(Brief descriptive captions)
[Start of Attachment]

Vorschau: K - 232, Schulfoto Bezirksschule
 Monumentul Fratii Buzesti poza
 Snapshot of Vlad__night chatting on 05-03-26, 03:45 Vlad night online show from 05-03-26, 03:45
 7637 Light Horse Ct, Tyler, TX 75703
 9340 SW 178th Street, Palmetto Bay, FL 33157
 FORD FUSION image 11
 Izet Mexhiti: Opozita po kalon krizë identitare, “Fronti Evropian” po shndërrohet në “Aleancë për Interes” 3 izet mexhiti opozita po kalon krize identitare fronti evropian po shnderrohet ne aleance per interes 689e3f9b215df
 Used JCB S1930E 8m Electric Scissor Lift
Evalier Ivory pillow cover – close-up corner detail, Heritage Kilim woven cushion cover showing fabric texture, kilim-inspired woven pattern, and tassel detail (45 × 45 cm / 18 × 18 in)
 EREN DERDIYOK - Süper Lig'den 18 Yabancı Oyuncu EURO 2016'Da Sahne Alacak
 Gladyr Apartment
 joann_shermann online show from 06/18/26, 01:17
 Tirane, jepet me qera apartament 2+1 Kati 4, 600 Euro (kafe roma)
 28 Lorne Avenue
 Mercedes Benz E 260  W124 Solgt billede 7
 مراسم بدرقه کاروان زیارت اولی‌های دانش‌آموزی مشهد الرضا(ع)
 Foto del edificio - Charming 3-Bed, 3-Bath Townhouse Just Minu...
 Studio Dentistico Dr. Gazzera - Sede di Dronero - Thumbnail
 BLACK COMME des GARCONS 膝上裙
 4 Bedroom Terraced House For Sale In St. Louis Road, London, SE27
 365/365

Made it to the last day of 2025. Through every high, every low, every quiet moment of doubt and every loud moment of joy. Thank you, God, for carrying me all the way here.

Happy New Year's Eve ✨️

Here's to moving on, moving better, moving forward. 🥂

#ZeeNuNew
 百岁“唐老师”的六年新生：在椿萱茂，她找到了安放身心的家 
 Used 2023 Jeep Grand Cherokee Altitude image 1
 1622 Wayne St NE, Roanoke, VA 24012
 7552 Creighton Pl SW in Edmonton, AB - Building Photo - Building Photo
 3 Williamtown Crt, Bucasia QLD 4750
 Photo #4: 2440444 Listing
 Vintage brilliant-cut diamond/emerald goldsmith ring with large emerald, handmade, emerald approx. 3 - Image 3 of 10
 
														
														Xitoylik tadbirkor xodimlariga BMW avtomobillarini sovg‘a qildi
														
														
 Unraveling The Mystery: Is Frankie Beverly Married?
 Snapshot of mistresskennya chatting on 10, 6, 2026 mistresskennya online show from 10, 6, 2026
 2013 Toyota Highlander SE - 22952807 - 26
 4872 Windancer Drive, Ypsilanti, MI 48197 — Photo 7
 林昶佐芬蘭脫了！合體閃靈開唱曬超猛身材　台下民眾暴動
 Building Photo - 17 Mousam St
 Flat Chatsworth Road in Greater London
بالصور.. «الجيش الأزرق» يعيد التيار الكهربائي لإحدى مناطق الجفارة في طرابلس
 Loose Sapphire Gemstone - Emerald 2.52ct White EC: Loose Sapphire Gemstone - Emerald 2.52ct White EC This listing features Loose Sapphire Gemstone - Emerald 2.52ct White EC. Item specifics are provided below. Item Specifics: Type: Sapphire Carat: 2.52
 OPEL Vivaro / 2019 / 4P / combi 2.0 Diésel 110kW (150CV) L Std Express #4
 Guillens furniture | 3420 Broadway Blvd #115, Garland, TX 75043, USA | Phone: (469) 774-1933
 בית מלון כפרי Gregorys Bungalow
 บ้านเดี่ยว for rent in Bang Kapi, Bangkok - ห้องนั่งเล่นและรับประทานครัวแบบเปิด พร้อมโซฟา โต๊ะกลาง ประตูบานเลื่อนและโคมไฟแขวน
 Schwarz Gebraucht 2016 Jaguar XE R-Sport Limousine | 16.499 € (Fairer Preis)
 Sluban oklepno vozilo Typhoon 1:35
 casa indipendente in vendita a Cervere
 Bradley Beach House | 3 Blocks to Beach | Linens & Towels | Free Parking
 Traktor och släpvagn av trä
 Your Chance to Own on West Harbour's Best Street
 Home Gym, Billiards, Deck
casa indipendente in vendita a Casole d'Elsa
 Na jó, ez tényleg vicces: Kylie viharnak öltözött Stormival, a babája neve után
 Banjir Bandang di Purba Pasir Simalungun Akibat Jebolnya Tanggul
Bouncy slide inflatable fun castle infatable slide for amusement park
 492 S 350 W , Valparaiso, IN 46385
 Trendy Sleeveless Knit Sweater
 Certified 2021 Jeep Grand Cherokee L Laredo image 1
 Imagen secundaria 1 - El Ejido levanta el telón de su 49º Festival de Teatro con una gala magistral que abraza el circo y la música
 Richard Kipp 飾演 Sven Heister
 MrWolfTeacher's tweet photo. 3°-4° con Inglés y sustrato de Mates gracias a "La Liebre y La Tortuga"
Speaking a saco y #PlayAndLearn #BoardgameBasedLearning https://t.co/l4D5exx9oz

[End of Attachment]

## What this task involves:
Copy out the data shown above without altering anything.

## Reply:
Vorschau: K - 232, Schulfoto Bezirksschule
 Monumentul Fratii Buzesti poza
 Snapshot of Vlad__night chatting on 05-03-26, 03:45 Vlad night online show from 05-03-26, 03:45
 7637 Light Horse Ct, Tyler, TX 75703
 9340 SW 178th Street, Palmetto Bay, FL 33157
 FORD FUSION image 11
 Izet Mexhiti: Opozita po kalon krizë identitare, “Fronti Evropian” po shndërrohet në “Aleancë për Interes” 3 izet mexhiti opozita po kalon krize identitare fronti evropian po shnderrohet ne aleance per interes 689e3f9b215df
 Used JCB S1930E 8m Electric Scissor Lift
Evalier Ivory pillow cover – close-up corner detail, Heritage Kilim woven cushion cover showing fabric texture, kilim-inspired woven pattern, and tassel detail (45 × 45 cm / 18 × 18 in)
 EREN DERDIYOK - Süper Lig'den 18 Yabancı Oyuncu EURO 2016'Da Sahne Alacak
 Gladyr Apartment
 joann_shermann online show from 06/18/26, 01:17
 Tirane, jepet me qera apartament 2+1 Kati 4, 600 Euro (kafe roma)
 28 Lorne Avenue
 Mercedes Benz E 260  W124 Solgt billede 7
 مراسم بدرقه کاروان زیارت اولی‌های دانش‌آموزی مشهد الرضا(ع)
 Foto del edificio - Charming 3-Bed, 3-Bath Townhouse Just Minu...
 Studio Dentistico Dr. Gazzera - Sede di Dronero - Thumbnail
 BLACK COMME des GARCONS 膝上裙
 4 Bedroom Terraced House For Sale In St. Louis Road, London, SE27
 365/365

Made it to the last day of 2025. Through every high, every low, every quiet moment of doubt and every loud moment of joy. Thank you, God, for carrying me all the way here.

Happy New Year's Eve ✨️

Here's to moving on, moving better, moving forward. 🥂

#ZeeNuNew
 百岁“唐老师”的六年新生：在椿萱茂，她找到了安放身心的家 
 Used 2023 Jeep Grand Cherokee Altitude image 1
 1622 Wayne St NE, Roanoke, VA 24012
 7552 Creighton Pl SW in Edmonton, AB - Building Photo - Building Photo
 3 Williamtown Crt, Bucasia QLD 4750
 Photo #4: 2440444 Listing
 Vintage brilliant-cut diamond/emerald goldsmith ring with large emerald, handmade, emerald approx. 3 - Image 3 of 10
 
														
														Xitoylik tadbirkor xodimlariga BMW avtomobillarini sovg‘a qildi
														
														
 Unraveling The Mystery: Is Frankie Beverly Married?
 Snapshot of mistresskennya chatting on 10, 6, 2026 mistresskennya online show from 10, 6, 2026
 2013 Toyota Highlander SE - 22952807 - 26
 4872 Windancer Drive, Ypsilanti, MI 48197 — Photo 7
 林昶佐芬蘭脫了！合體閃靈開唱曬超猛身材　台下民眾暴動
 Building Photo - 17 Mousam St
 Flat Chatsworth Road in Greater London
بالصور.. «الجيش الأزرق» يعيد التيار الكهربائي لإحدى مناطق الجفارة في طرابلس
 Loose Sapphire Gemstone - Emerald 2.52ct White EC: Loose Sapphire Gemstone - Emerald 2.52ct White EC This listing features Loose Sapphire Gemstone - Emerald 2.52ct White EC. Item specifics are provided below. Item Specifics: Type: Sapphire Carat: 2.52
 OPEL Vivaro / 2019 / 4P / combi 2.0 Diésel 110kW (150CV) L Std Express #4
 Guillens furniture | 3420 Broadway Blvd #115, Garland, TX 75043, USA | Phone: (469) 774-1933
 בית מלון כפרי Gregorys Bungalow
 บ้านเดี่ยว for rent in Bang Kapi, Bangkok - ห้องนั่งเล่นและรับประทานครัวแบบเปิด พร้อมโซฟา โต๊ะกลาง ประตูบานเลื่อนและโคมไฟแขวน
 Schwarz Gebraucht 2016 Jaguar XE R-Sport Limousine | 16.499 € (Fairer Preis)
 Sluban oklepno vozilo Typhoon 1:35
 casa indipendente in vendita a Cervere
 Bradley Beach House | 3 Blocks to Beach | Linens & Towels | Free Parking
 Traktor och släpvagn av trä
 Your Chance to Own on West Harbour's Best Street
 Home Gym, Billiards, Deck
casa indipendente in vendita a Casole d'Elsa
 Na jó, ez tényleg vicces: Kylie viharnak öltözött Stormival, a babája neve után
 Banjir Bandang di Purba Pasir Simalungun Akibat Jebolnya Tanggul
Bouncy slide inflatable fun castle infatable slide for amusement park
 492 S 350 W , Valparaiso, IN 46385
 Trendy Sleeveless Knit Sweater
 Certified 2021 Jeep Grand Cherokee L Laredo image 1
 Imagen secundaria 1 - El Ejido levanta el telón de su 49º Festival de Teatro con una gala magistral que abraza el circo y la música
 Richard Kipp 飾演 Sven Heister
 MrWolfTeacher's tweet photo. 3°-4° con Inglés y sustrato de Mates gracias a "La Liebre y La Tortuga"
Speaking a saco y #PlayAndLearn #BoardgameBasedLearning https://t.co/l4D5exx9oz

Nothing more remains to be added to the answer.